### Work request
Beginning with the line where "SOUTH WEST LANCASTER - Residential" appears, set down each line exactly until the records below end, and omit the pictures.
┌──
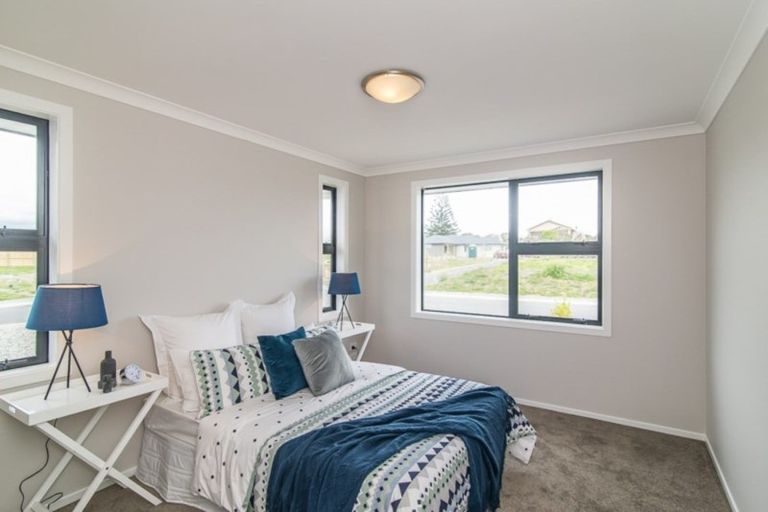 Photo of property in 1 Seagrass Place, Otaki Beach, Otaki, 5512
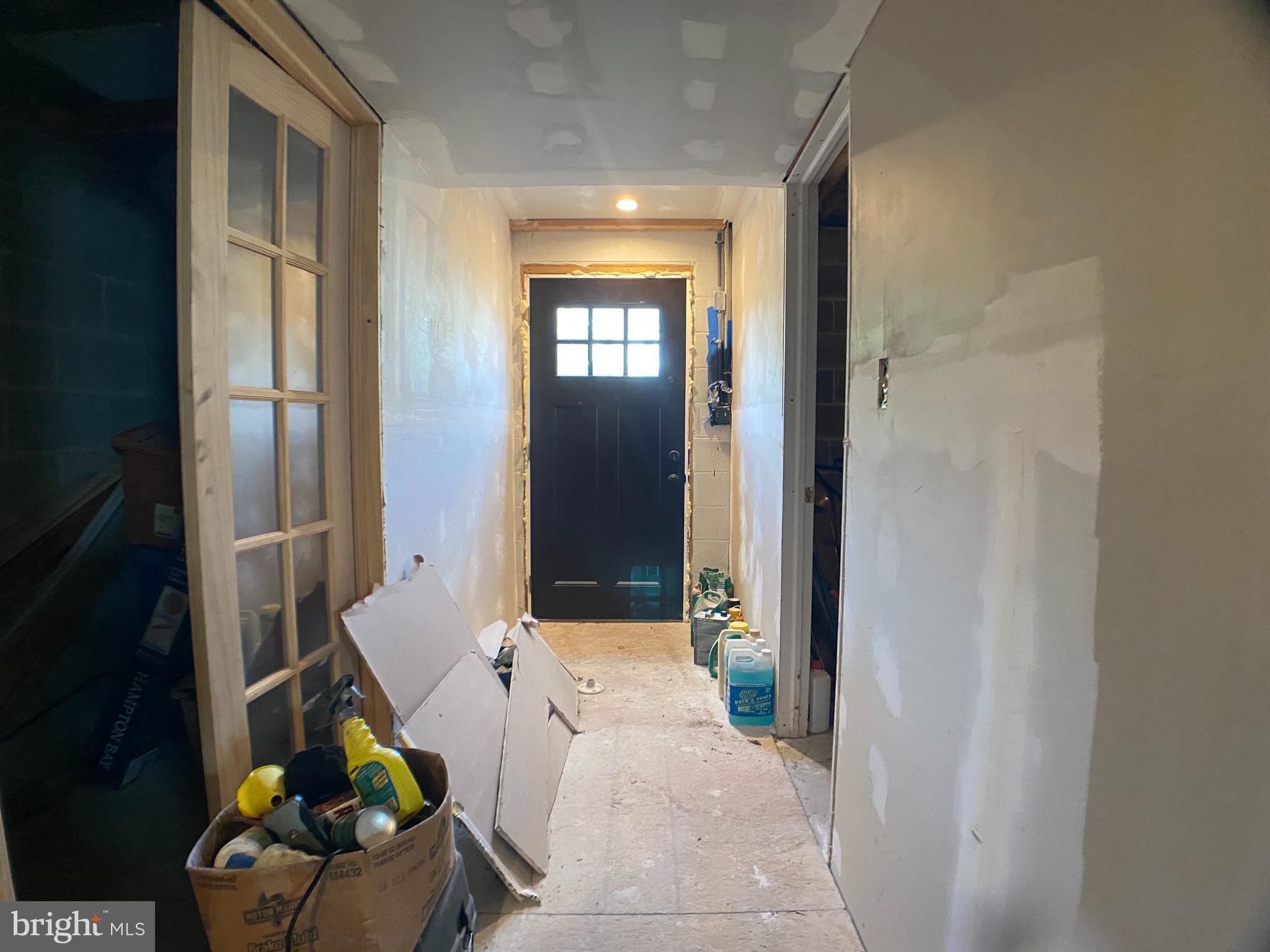 SOUTH WEST LANCASTER - Residential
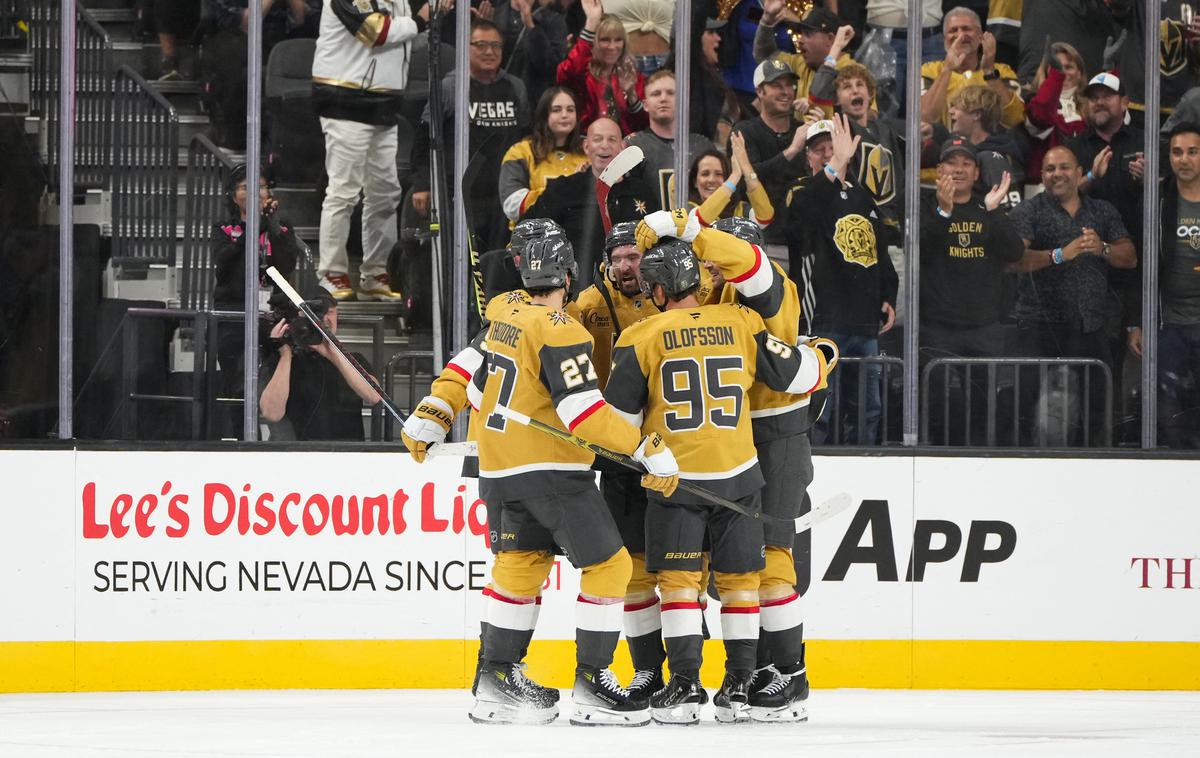 Vegas Golden Knights | Hokejisti Vegas Golden Knights so sezono odprli z visoko zmago nad Coloradom (8:4).  | Foto Reuters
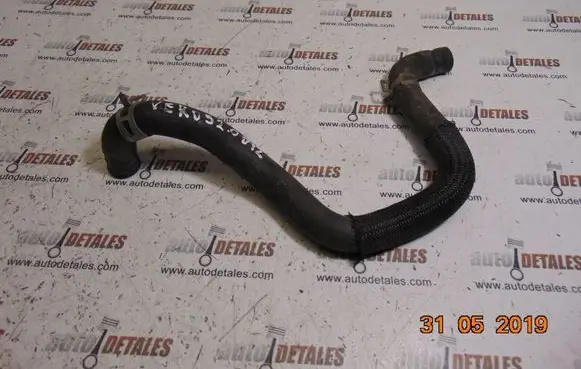 Toyota Corolla Verso E121 Engine coolant pipe/hose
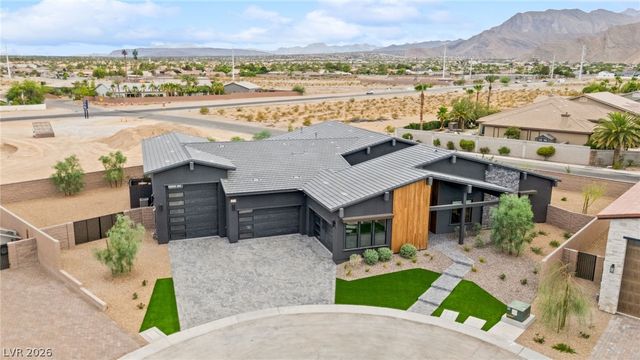 8585 Stange Avenue, Las Vegas, NV 89129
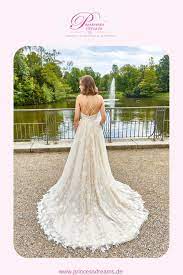 In italien tragen bräute einen schleier über dem gesicht. Brautkleid A Linie Mit Spitze Im Vintage Look Dieses Hochzeitskleid Von Lisa Donetti Hat Viel Spitze Und Eine Lange Schleppe Das Brautkleid Brautmode Braut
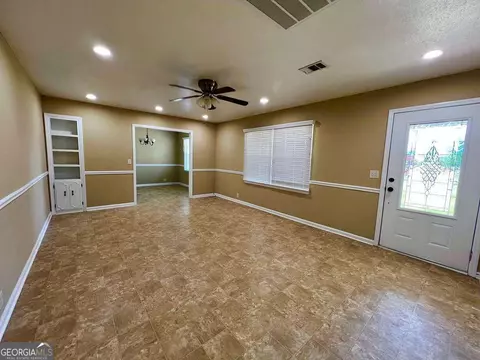 Living - 55 Third Ave, Hazlehurst, GA 31539 photo 1 of 2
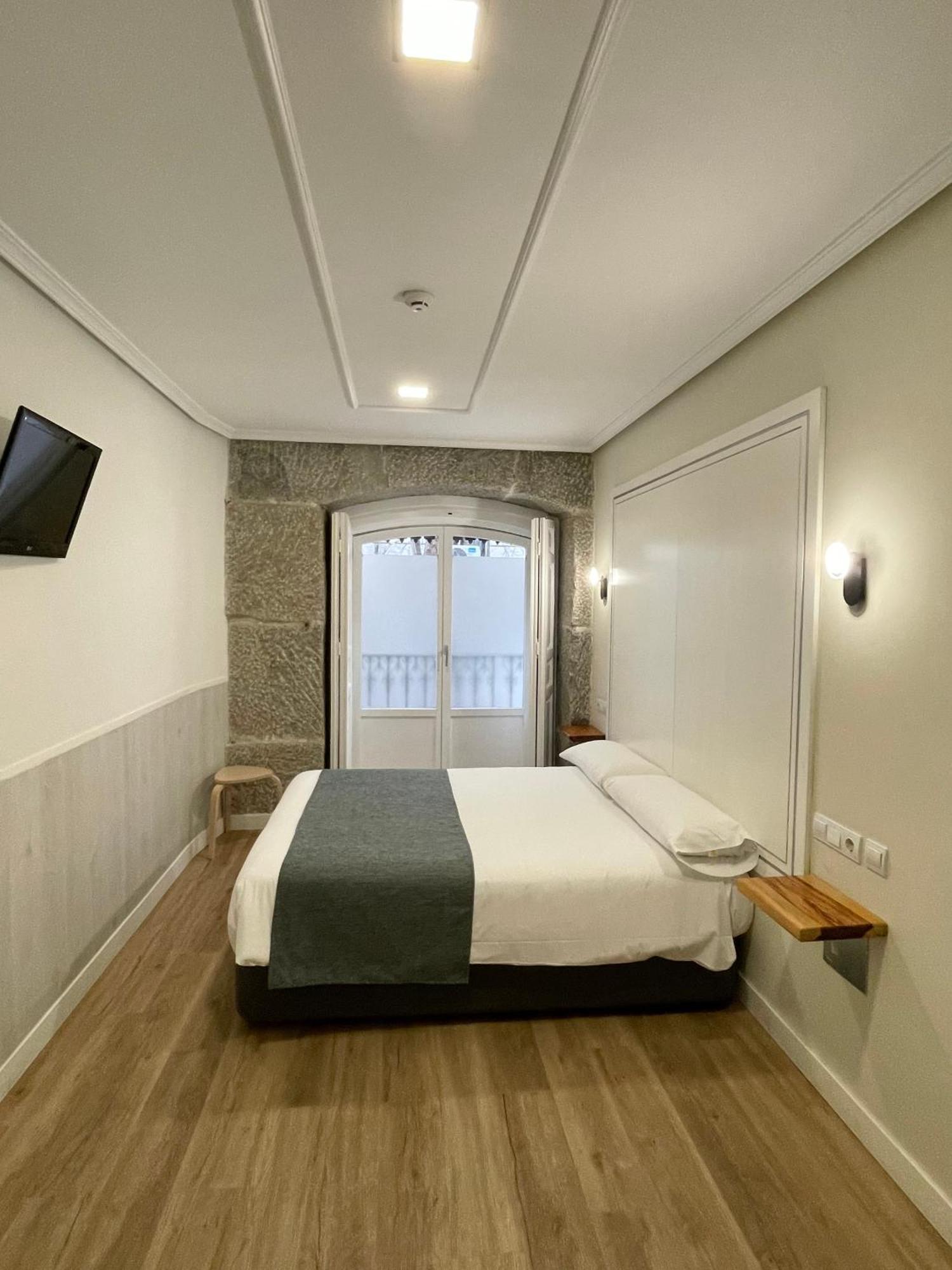 Gasthuis Hostal Madrid 3*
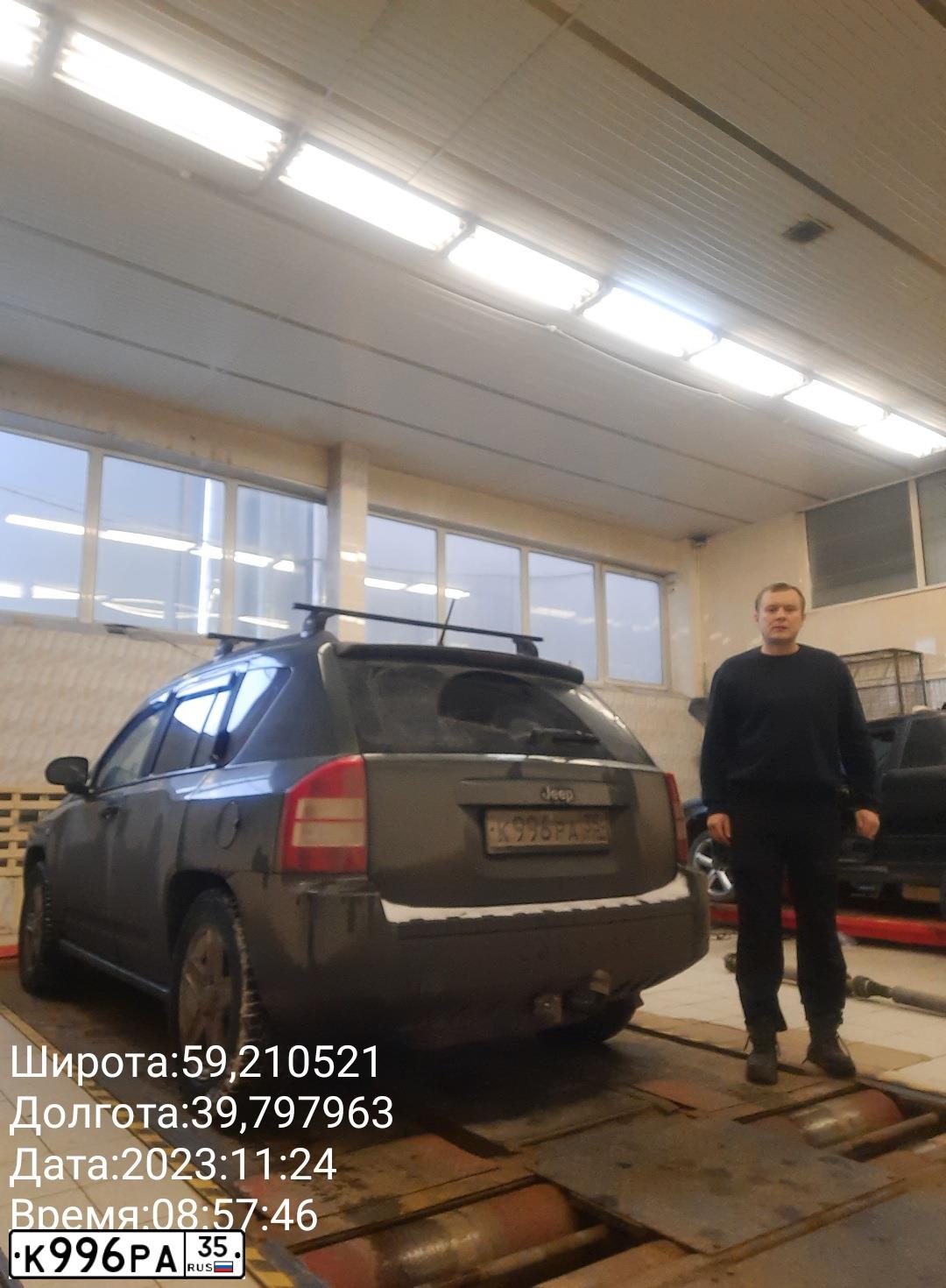 Фото автомобиля JEEP COMPASS, 2006 — госномер К996РА35. Цвет: ЗЕЛЕНЫЙ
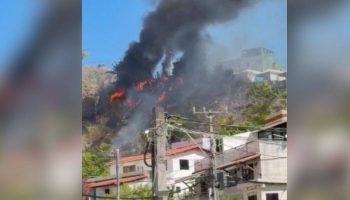 Incêndio em área de vegetação mobiliza moradores no bairro do Imbuí em Salvador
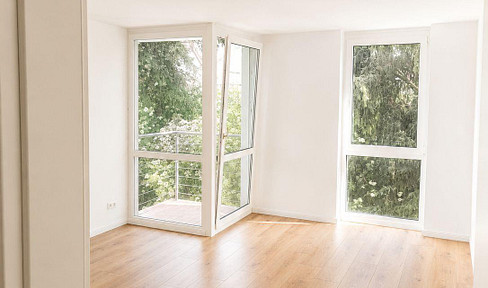 Freshly renovated apartment with balcony, parking space, and cellar, available immediately.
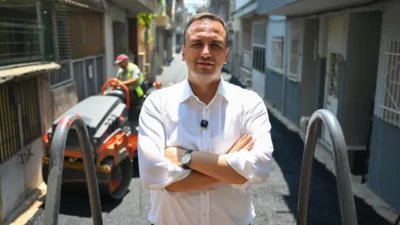 Bornova Belediye Başkanı Ömer Eşki, Çamdibi bölgesinde yürütülen büyük asfalt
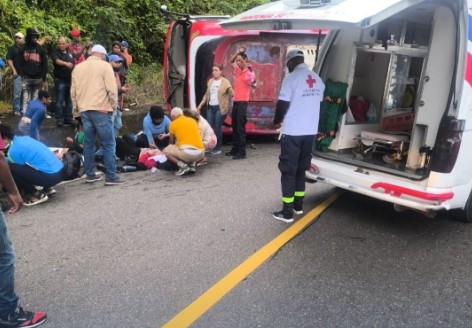 Volcadura de autobús deja al menos 14 afectados en Constanza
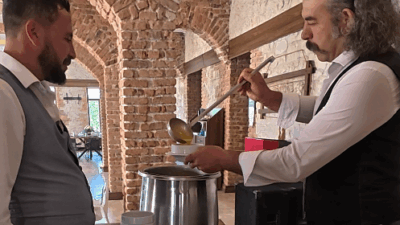 Ziyaretin ilk durağı Emirdağ Belediye Başkanı Serkan Koyuncu oldu. Samimi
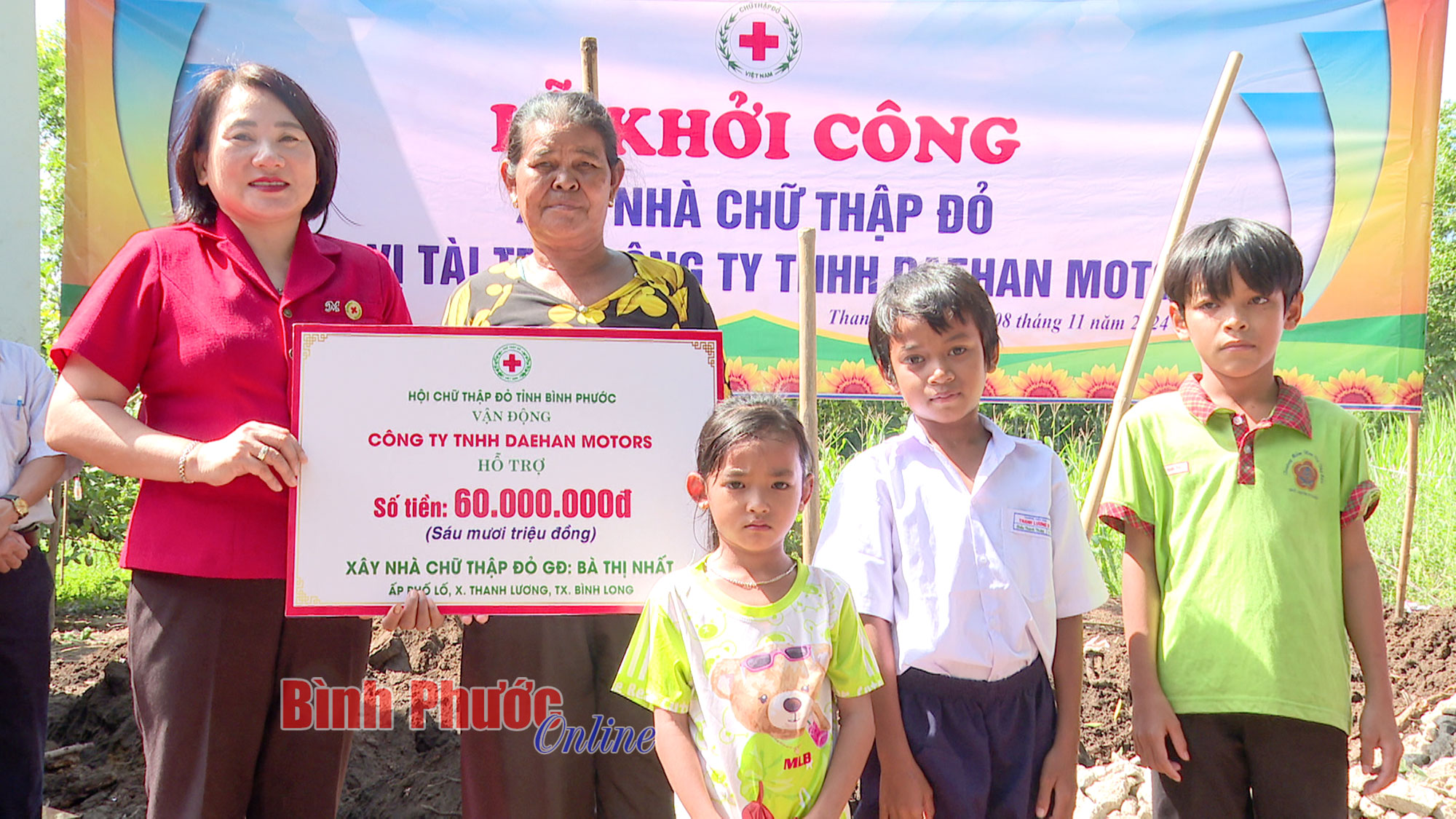 Tặng nhà chữ thập đỏ tại Bình Long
└──
### Solution
 SOUTH WEST LANCASTER - Residential
 Vegas Golden Knights | Hokejisti Vegas Golden Knights so sezono odprli z visoko zmago nad Coloradom (8:4).  | Foto Reuters
 Toyota Corolla Verso E121 Engine coolant pipe/hose
 8585 Stange Avenue, Las Vegas, NV 89129
 In italien tragen bräute einen schleier über dem gesicht. Brautkleid A Linie Mit Spitze Im Vintage Look Dieses Hochzeitskleid Von Lisa Donetti Hat Viel Spitze Und Eine Lange Schleppe Das Brautkleid Brautmode Braut
 Living - 55 Third Ave, Hazlehurst, GA 31539 photo 1 of 2
 Gasthuis Hostal Madrid 3*
 Фото автомобиля JEEP COMPASS, 2006 — госномер К996РА35. Цвет: ЗЕЛЕНЫЙ
 Incêndio em área de vegetação mobiliza moradores no bairro do Imbuí em Salvador
 Freshly renovated apartment with balcony, parking space, and cellar, available immediately.
 Bornova Belediye Başkanı Ömer Eşki, Çamdibi bölgesinde yürütülen büyük asfalt
 Volcadura de autobús deja al menos 14 afectados en Constanza
 Ziyaretin ilk durağı Emirdağ Belediye Başkanı Serkan Koyuncu oldu. Samimi
 Tặng nhà chữ thập đỏ tại Bình Long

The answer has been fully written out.